Patrząc z perspektywy ludzkiej logiki, to zastawienie czerwiu ramkami z pokarmem nie pozwoli matce w rozpedzeniu się z czerwieniem (choć o tej porze roku i tak to nie powinno nastąpić). Drugą rzeczą jest to, że prawdopodobnie właśnie w tym miejscu pszczoły planowały uwiązać kłąb zimowy (tam gdzie czerw), więc dając pełne ramki wydłużyłeś im drogę pokarmową.
Natomiast pozostaje wątpliwe czy w tym okresie powinieneś pszczołom zmieniać, przyjętą przez nie, organizację zimowli.

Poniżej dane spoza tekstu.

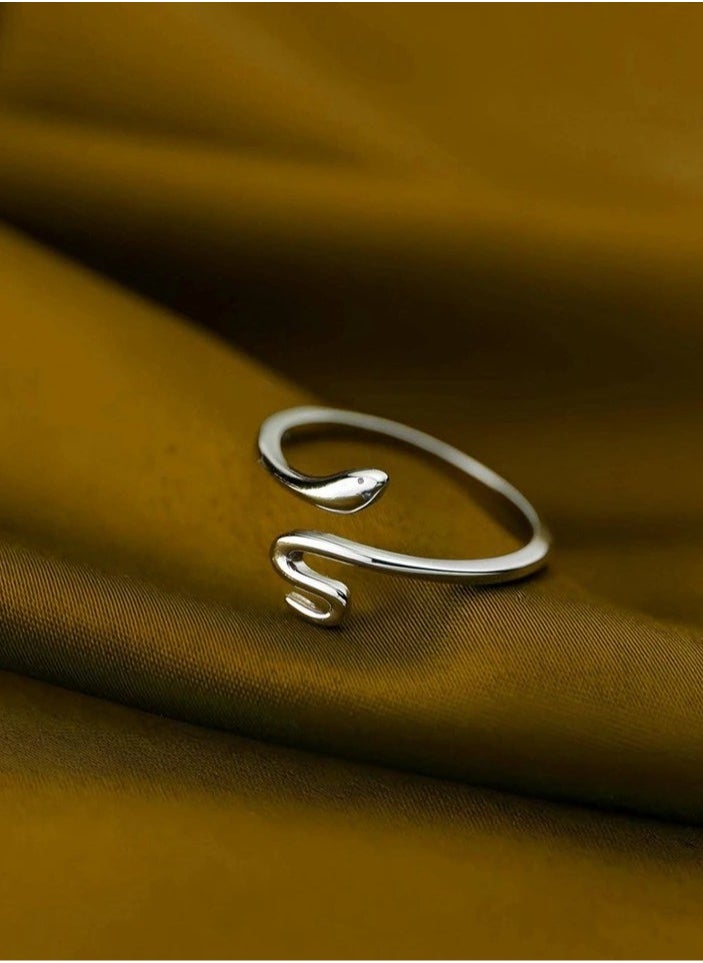 925 Sterling Silver Charms - Luxurious And Delicate Silver Ring Made With High Quality And Precision From 925 Sterling Silver In The Shape Of Coiled Snake To Give A Wonderful Look To The Princess Who Deserves It - Image 1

Autor:  Marek_Kańko [ 08 listopada 2022, 23:44 - wt ]
Tytuł:  Re: Czerwienie w listopadzie

tryhuma pisze:
Marek_Kańko pisze:
Dodam tylko, że ten myk z drugą matką nie wychodzi mi jak poddaje do górnego korpusu matecznik na wygryzieniu z rodziny wychowujacej..lub matkę NU w sztucznym mateczniku..wszystko jest likwidowane.W tym roku nie miałem już gdzie podłożyć 10 matek..więc zrobiłem.eksperyment z matecznikami na wygryzieniu ale niestety się nie powiódł...10/10 ściętych.. ale jak same pociagną na cichą wymianę to działa;)

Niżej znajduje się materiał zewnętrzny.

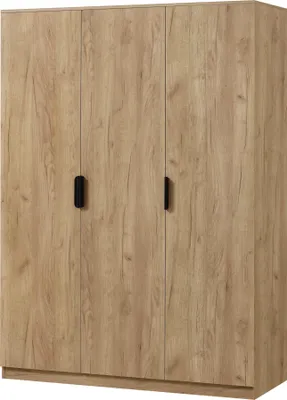Produktbild von Kleiderschrank ’Eiselfing’ 176 x 120 x 52 cm mit 3 Türen, 1 Stange, 4 Fächern Eicheoptik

Takie pytanko > po jakim czasie od włożenia kraty pomiędzy korpusy podawał Pan te mateczniki do górnego korpusu?[/quote]

Kraty mam.w ulach od maja...a mateczniki podkladawlem w lipcu

Autor:  tryhuma [ 09 listopada 2022, 15:02 - śr ]
Tytuł:  Re: Czerwienie w listopadzie

Czyli w korpusie nad kratą od dawna nie było czerwiu. Ciekawym byłoby sprawdzenie, czy ścinają podane mateczniki w obecności czerwiu w górnym korpusie a więc i karmicielek. Dziękuję za odpowiedź. Pozdrawiam

Autor:  zento [ 09 listopada 2022, 18:51 - śr ]
Tytuł:  Re: Czerwienie w listopadzie

Często pisano, że matki czerwią długo, gdy rodzina jest chora!!?? :pl:

Autor:  sangbleu [ 10 listopada 2022, 12:41 - czw ]
Tytuł:  Re: Czerwienie w listopadzie

Wiadomo też, że młoda matka lubi jesienią podczerwić. Zwłaszcza w tak ciepłym październiku jaki mieliśmy i teraz w pierwszej połowie listopada.
Trochę pomoże ul jednościenny i osiatkowana dennica.